*Problem statement*
Transcribe every line below exactly; no image goes into the output.

*Supplied information*

◆ ◆ ◆ ◆

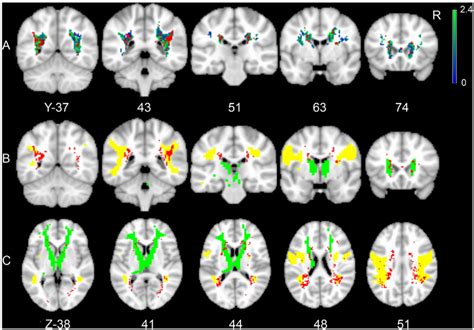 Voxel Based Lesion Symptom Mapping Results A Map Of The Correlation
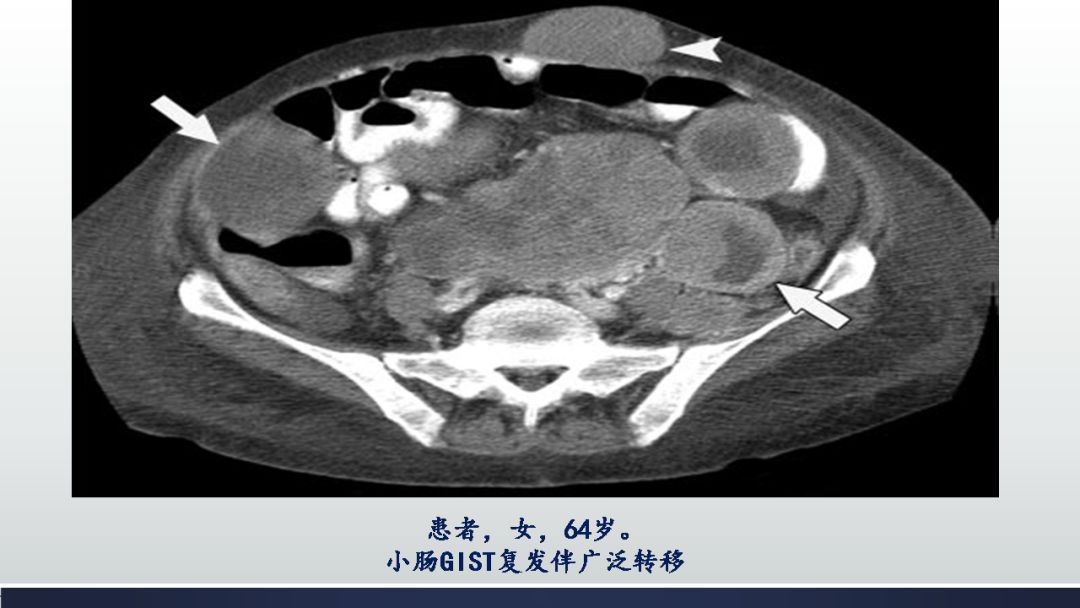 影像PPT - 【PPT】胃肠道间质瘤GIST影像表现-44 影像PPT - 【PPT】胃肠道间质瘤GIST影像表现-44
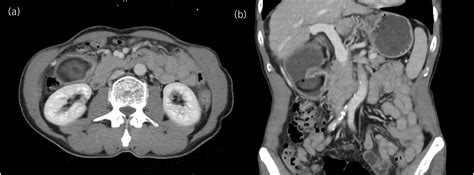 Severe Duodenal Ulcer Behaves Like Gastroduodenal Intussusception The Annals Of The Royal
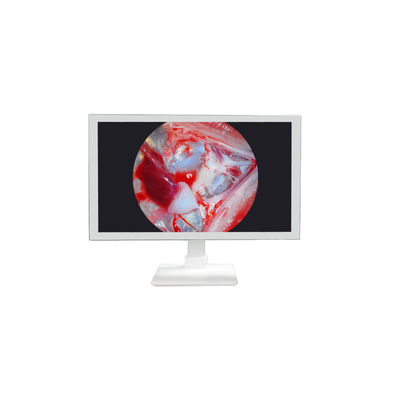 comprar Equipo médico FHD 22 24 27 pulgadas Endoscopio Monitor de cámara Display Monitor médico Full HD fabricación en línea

◆ ◆ ◆ ◆

*Answer space*
 Voxel Based Lesion Symptom Mapping Results A Map Of The Correlation
 影像PPT - 【PPT】胃肠道间质瘤GIST影像表现-44 影像PPT - 【PPT】胃肠道间质瘤GIST影像表现-44
 Severe Duodenal Ulcer Behaves Like Gastroduodenal Intussusception The Annals Of The Royal
 comprar Equipo médico FHD 22 24 27 pulgadas Endoscopio Monitor de cámara Display Monitor médico Full HD fabricación en línea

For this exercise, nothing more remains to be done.